In her first speech as prime minister, Liz Truss said: “We will get spades in the ground to make sure people are not facing unaffordable energy bills.”
She has pledged to increase domestic energy production with more oil and gas from the North Sea as well as fracking.
And the new Business and Energy Secretary Jacob Rees-Mogg told MPs on 22 September: “We also need more secure and cheaper supplies of gas, which is why we are going to issue more licences and why we are looking at shale gas.”
He has said the government expects to award “more than 100 new licences” for oil and gas exploration in the North Sea.
But there have been warnings that these measures will not reduce people’s energy bills in the short-term.

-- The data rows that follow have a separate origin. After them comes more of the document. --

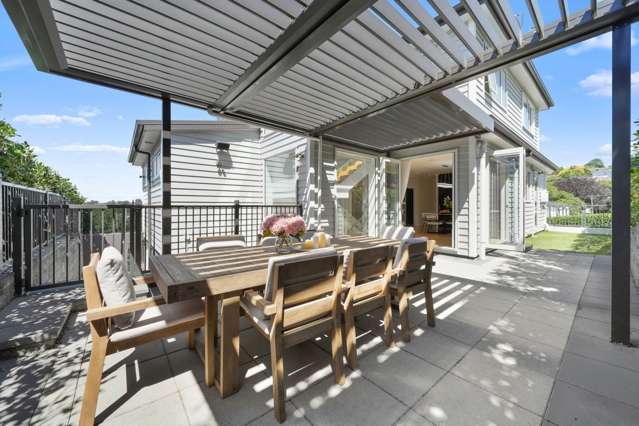 41D Liverpool Street Epsom_2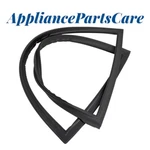 Samsung Refrigerator Freezer Door Gasket Da97-23012a. Fixed Price $44.99.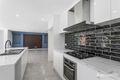 Property photo of 5A Sunnyvale Court Hampton Park VIC 3976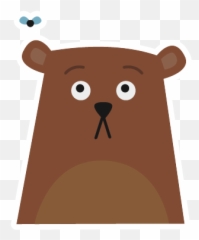 Francisca Veloso - Happy Emoji,Teddy Emoji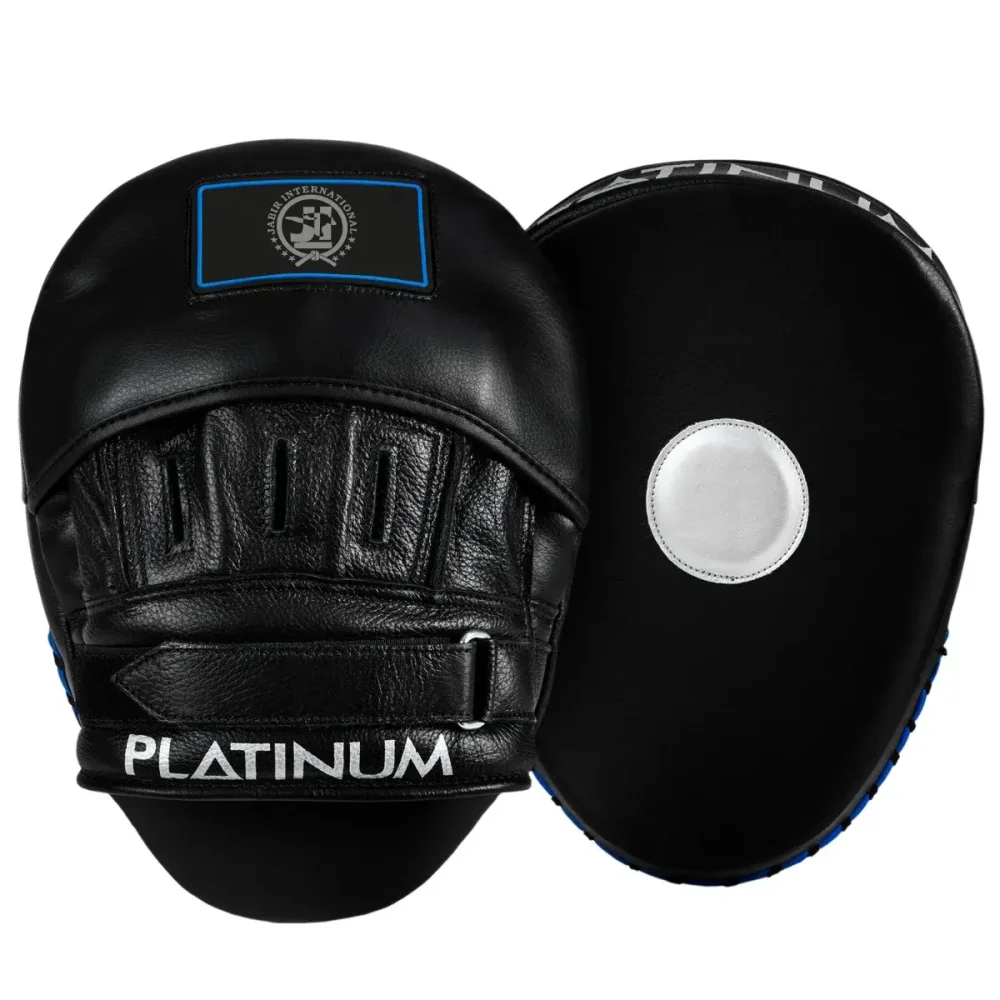Focus Pad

“Greater domestic production of fossil fuels may improve energy security,” the heads of the Climate Change Committee and the National Infrastructure Commission warned in a letter to the prime minister. “But our gas reserves – offshore or from shale – are too small to impact meaningfully the prices faced by UK consumers.”
Labour leader Sir Keir Starmer also referred in Parliament to some “myth-busting” tweets from Greg Hands in February when Mr Hands was energy minister.
The tweet said it was a myth that extracting more North Sea gas lowers prices on the grounds that “UK production isn’t large enough to materially impact the global price of gas”.
Kwasi Kwarteng, who is now chancellor, also tweeted in February saying: “additional North Sea production won’t materially affect the wholesale price (certainly not anytime soon)”.
Fundamentally, UK energy companies buy gas – including from the North Sea – on the international market where prices are set by global supply and demand.
The amount extra that could be extracted from the North Sea – or from fracking – is unlikely to be enough to bring down bills significantly unless the government agrees a price with the companies that extract it.
The government has said it will look at new long-term energy contracts with domestic and international gas suppliers, although they create a danger of being tied into prices that are above market levels in the future.
There are also questions about how long it would take for any extra gas to be available.
Prof Jonathan Stern from the Oxford Institute for Energy Studies says: “The main issue is that if you started drilling tomorrow, had success the day after and everything else went to plan, it would still be two to four years before you could produce enough gas to make a difference to UK output.”
While government estimates suggest there is still a significant amount of oil and gas under the North Sea, Prof Stern says that most of that is now in deep water, far from shore, which means it takes even longer to bring it online.
Reversing the ban on fracking does not present an easy, quick answer to high energy bills either.
Prof Stern said research 10 years ago had concluded that fracking wasn’t viable in Europe and that was still the case.
“The problem is you don’t know if you have a worthwhile resource until you’ve dug 50 to 100 wells, and that’s a huge problem in Europe.”
That is because Europe is generally more crowded and land is more expensive than in the US, where fracking has extracted considerable quantities of gas and kept down domestic energy prices.
“The US infrastructure for export is relatively limited, so they can only export a small proportion of what they’re producing,” said Kathryn Porter, an energy consultant at Watt-Logic.
That makes it harder for US companies to sell their gas outside the country, which keeps the domestic price much lower.
But the boss of the fracking company Cuadrilla welcomed the lifting of the moratorium, saying: “This is an entirely sensible decision and recognises that maximizing the UK’s domestic energy supply is vital if we are going to overcome the ongoing energy crisis and reduce the risk of it recurring in the future.”
What could lower bills in the UK?
New onshore wind energy could come online faster than gas. The European Wind Energy Association says that a small wind farm can be built in as little as two months, once planning permission has been granted.
But a bigger farm that needed infrastructure such as new roads could take closer to two years. And the planning permission process can take two or three years.
During the leadership campaign Liz Truss indicated that she favours other forms of generation over onshore wind, but Chancellor Kwasi Kwarteng has just announced the planning process to install turbines will be made easier.
The CCC and NIC recommend a range of policies such as greater energy efficiency in buildings and better energy advice for consumers.
Some analysts have suggested that the solution is to separate electricity prices from gas prices by allowing households to have long-term contracts with renewable electricity generators.